- Pronto, Ariane?
- Ciao mamma.
- Ariane, non mi chiami mai.
- Mamma, ci sentiamo ogni giorno.
- Perché ti chiamo io!
- Appunto. Se smetti di chiamarmi ogni giorno, ti prometto che prima o poi ti telefono.
- ...
- ...
- E come vanno le cose, figlia mia?
- Che dire. Le bambine sono tante e mio marito è poco. Poco presente, poco amorevole, poco servizievole.
- Non sei felice con lui?
- Si, ma vorrei un altro marito. Anzi, no, vorrei lo stesso marito, ma diverso. È un desiderio irrealizzabile?
- Direi di sì. Io è da quarant’anni che cerco di cambiare tuo padre, ma senza risultato.
- Come hai fatto a resistere per tutto questo tempo?

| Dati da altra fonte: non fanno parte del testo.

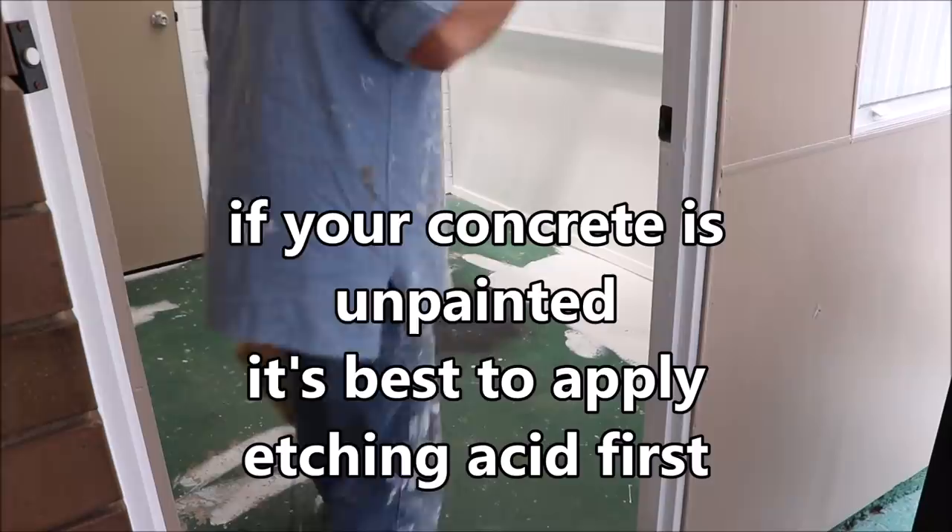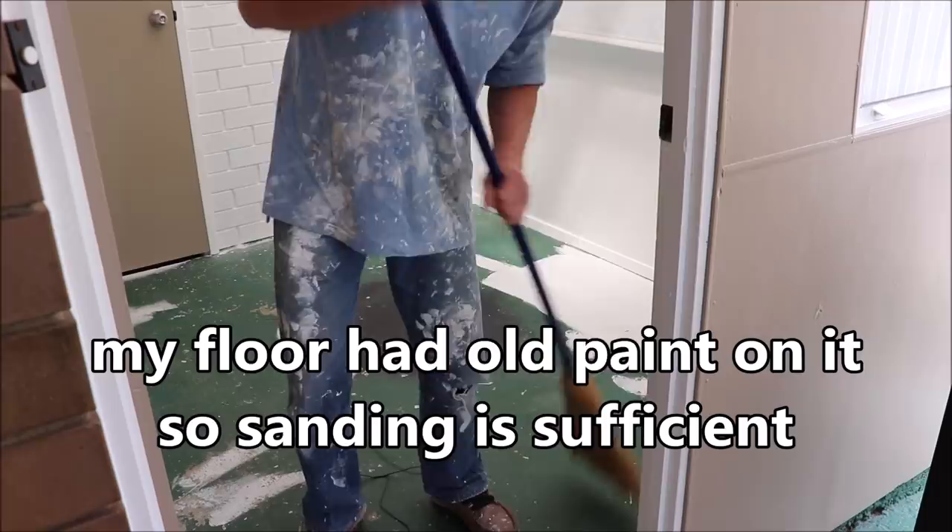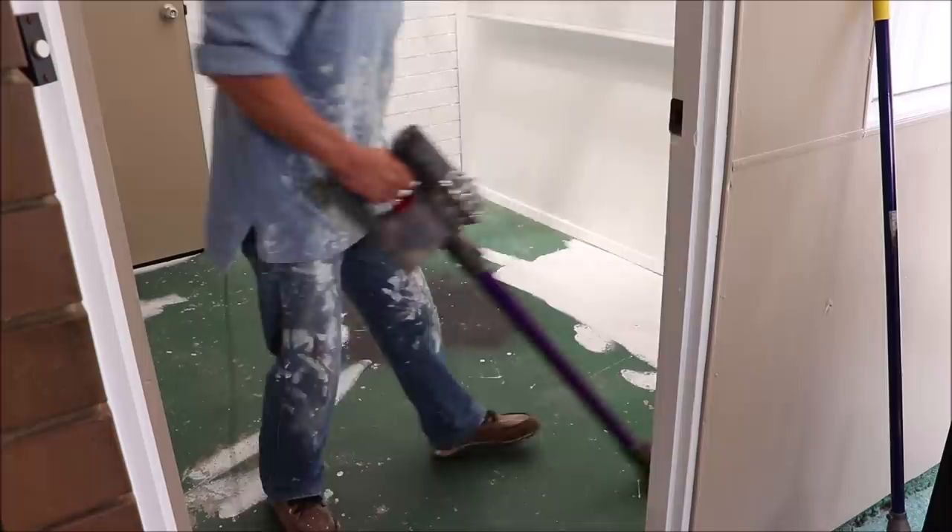I've already sanded this floor. I haven't etched it but I've sanded it. I've been told you can do either. This is not bare concrete — it's been painted, in other words. The sand just roughs that concrete up, or the paint up. You're okay to paint over it. So let's hope my advice is correct.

- Avevo un metodo: quando proprio non ce la facevo più, mi sfogavo scrivendogli lunghe lettere piene di insulti. Gli scrivevo zoticone barbone disgraziato e gliele lasciavo sul comodino durante la notte.
- E lui?
- La mattina le leggeva.
- La mattina le leggeva.
- E ti rispondeva?
- No.
- Non ti scriveva anche lui delle lettere?
- No, mai.
- Insomma, scrivevi lettere a cui lui non rispondeva. Mi sembra un po’ frustrante, come valvola di sfogo.
- Sì, forse, ma non c’era nient’altro da fare.
- Avresti potuto lasciarlo.
- Ariane, io e te apparteniamo a due epoche diverse. Nella mia, ci hanno insegnato che, se una cosa si rompe, non la butti via: l’aggiusti.
- Mamma, a quel tempo le cose non erano fatte di plastica made in China.